The task of forecasting future values from a chronologically ordered set of data, indexed by time, is known as time series forecasting. Weather forecasting, sunspot activity forecasting, stock market forecasting, etc. are a few examples of it. However, the forecasted results of the time series model may change with time in many contexts, such as the stock market, making forecasting models ineffective. This is referred to as Concept Drift.
Concept drift is one of the major aspects of machine learning maintenance. One should have a proper understanding of this issue, else its effect may be disastrous in some cases like the financial market forecastings. In this article, we are going to discuss the drift problem faced by many forecasting models. The major points to be discussed in this article are listed below.
Table of Contents
- How Does the Data Change?
- What is Concept Drift?
- Drift in Time Series Forecasting
- Addressing the Drift
Now let us begin with discussions.
How Does the Data Change?
We train a model using previous data and then use that trained model to make predictions on new or unseen data where we don’t know the answer. Such an answer is the process of approximating an input mapping function F to counter an output value Y. Generally, we tend to presume that these correlations between input and output data are static, i.e., they will hold generalized relation as true regardless of whether we use historical data or new data in the future. Certain input-output data linkages can vary over time, resulting in changes to the unknown mapping function inside it.
For example, predictions provided by an older historical data-based model may not be accurate anymore for the present scenario, or at least are not as accurate as they would be if the model was trained on more recent historical data. In most cases these changes in variables are detectable, allowing the learned model to be updated to reflect these changes.
Many data mining techniques assume that patterns found are static. In practice, however, database patterns change with time. This presents two significant difficulties. The first difficulty is determining when concept drift happens. The second challenge is to maintain the current patterns without having to recreate them. As these data changes include a statistical change in the data, monitoring its statistical features, the model’s predictions and their interaction with other parameters is the best way to discover them. In this situation, we could set up dashboards that plot the statistical attributes over time to watch how they change.
What is Concept Drift?
As data streams are highly unpredictable, concept drift is the most unwelcome yet most common feature of streaming data. Mining techniques such as classification or clustering degrade due to idea drift since the likelihood of misclassification increases. Such drifts in data must be identified in order for efficient results to be obtained with accuracy.
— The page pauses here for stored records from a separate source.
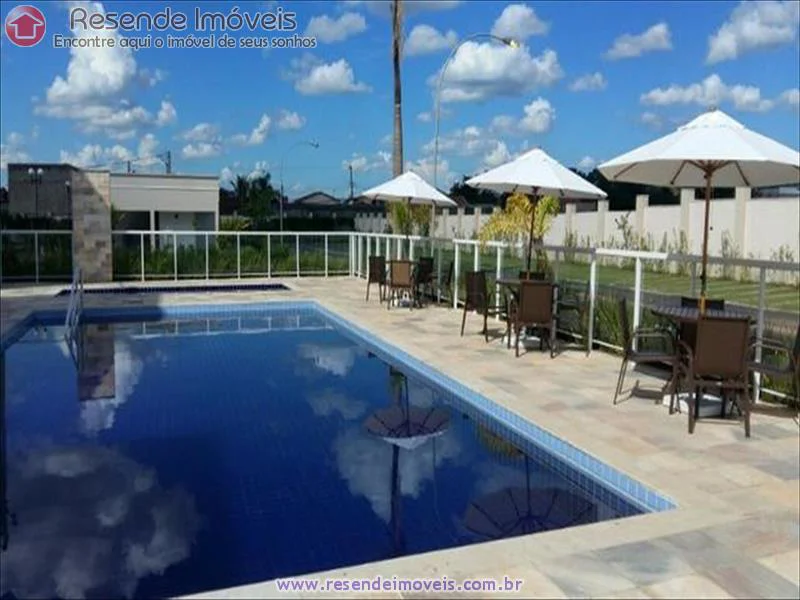 Foto 1 de 17 - Apartamento para aluguel em Alegria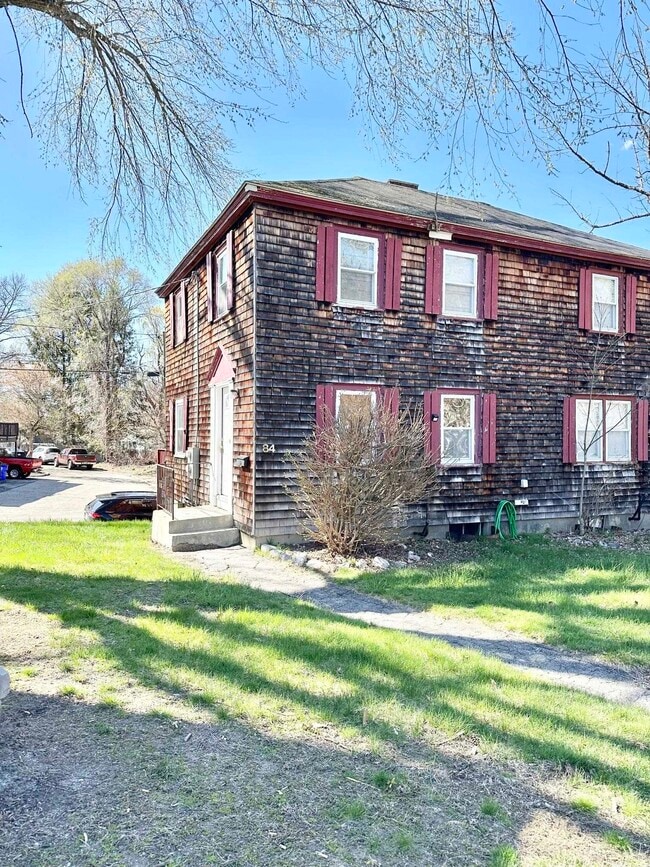 Photo - 84 Mary Ann Rd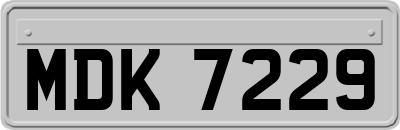 MDK7229
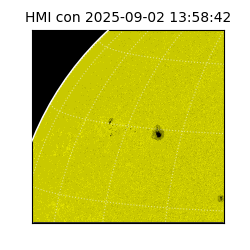 shmi - 2025-09-02T13:58:42.400000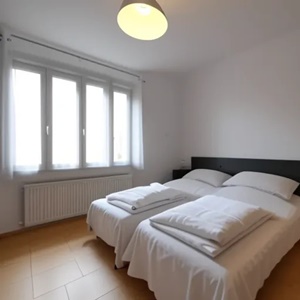 großzügiges zweifamilienhaus verteilt auf 325m² im zentrum von 17089 burow++ Eigentumswohnung in Burow Haus Wohnung Kaufen Mecklenburg-Vorpommern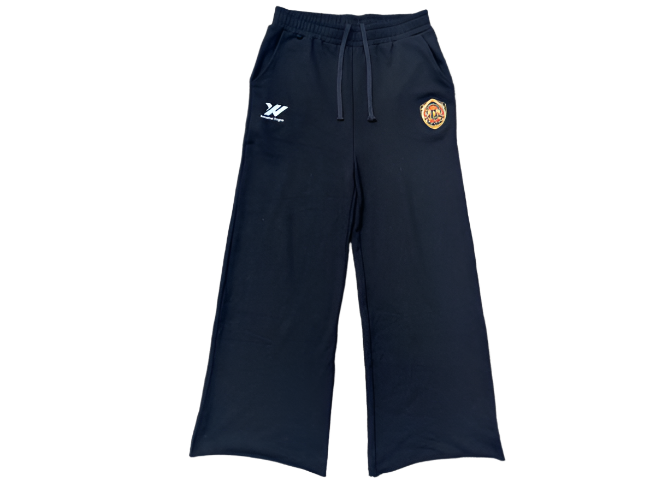 Overseas Sweatpants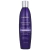 Kareol Murumuru Shampoo · Hidratación, Control Volumen 300ml
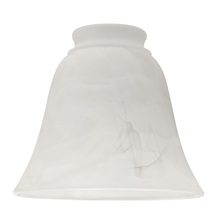 Craftmade 635A - Bell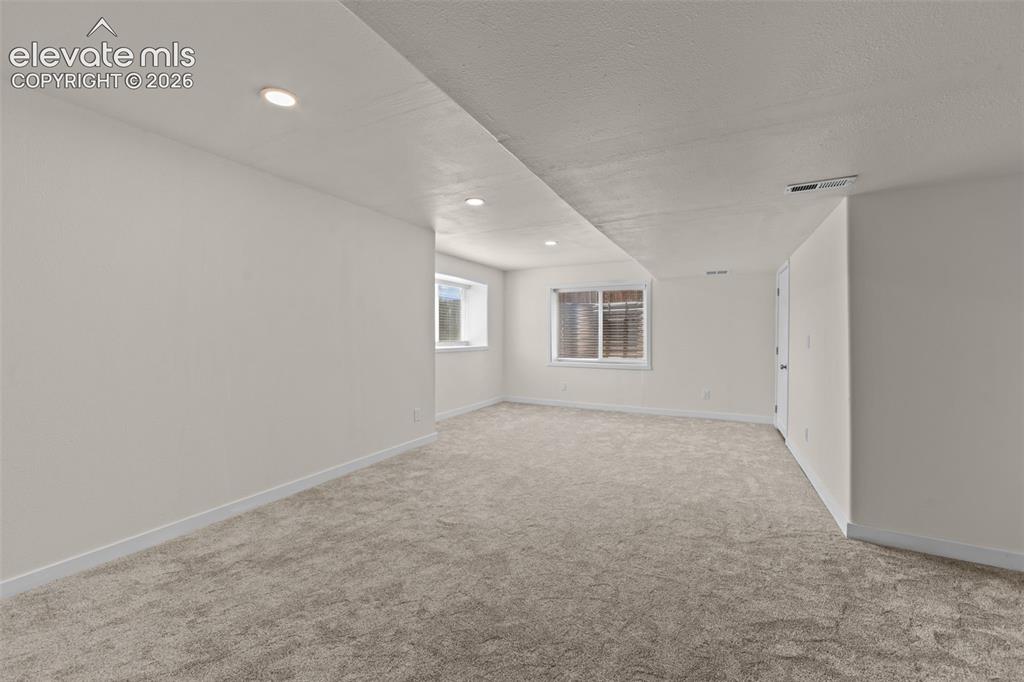 6577 Andretti Court Colorado Springs CO 80922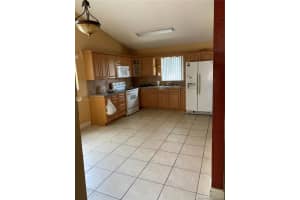 13558 SW 287th Terrace, Homestead, FL 33033, Sold 04/23/20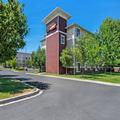 Photo of Ledgestone Suites Hotel Yakima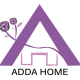 Adda Home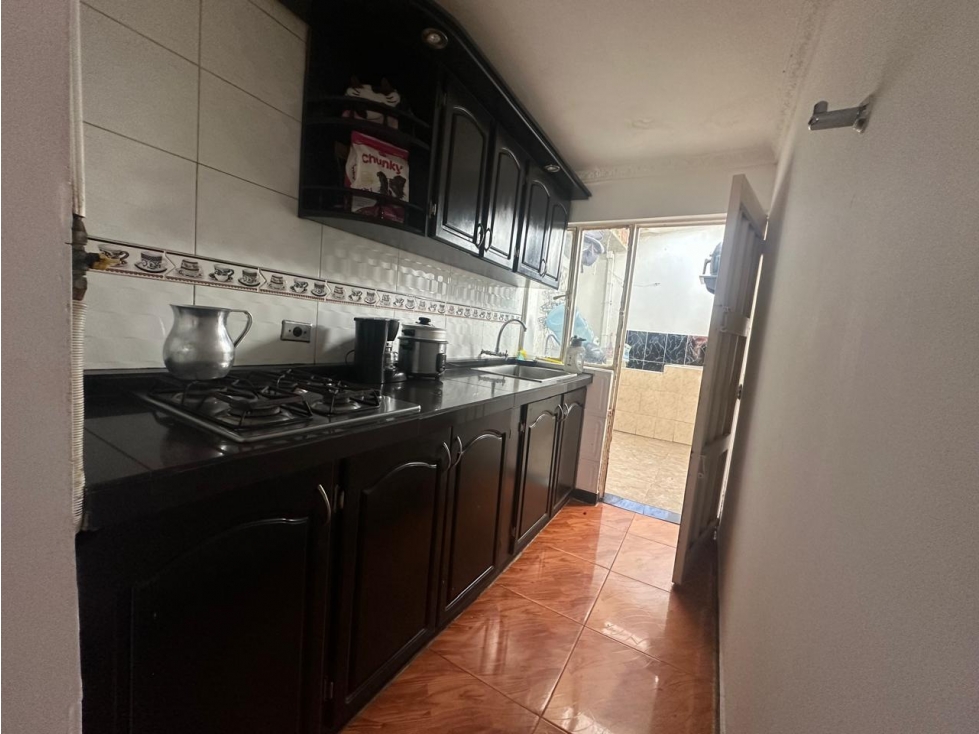 Casa para alquiler en Gibraltar - 5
In data modelling and data mining, concept drift refers to the evolution through time as a relationship between input and output data in the underlying problem. In other words, the unknown and hidden relationship between input and output variables is referred to as a concept in “concept drift.”
The number to be predicted is referred to as the concept. It can also refer to phenomena of interest other than the target idea, such as an input, although in the context of concept drift, it most usually refers to the target variable.
One notion in weather data, for example, could be the season, which is not explicitly indicated in temperature data but definitely influences temperature data analysis throughout. Another example could be customer purchasing behaviour over time that is influenced by the state of the economy, but the state of the economy is not directly stated in the data.
For preliminary analysis, there are three types of drift depicted in the above picture and each type requires a different method of handling. These types are briefed below.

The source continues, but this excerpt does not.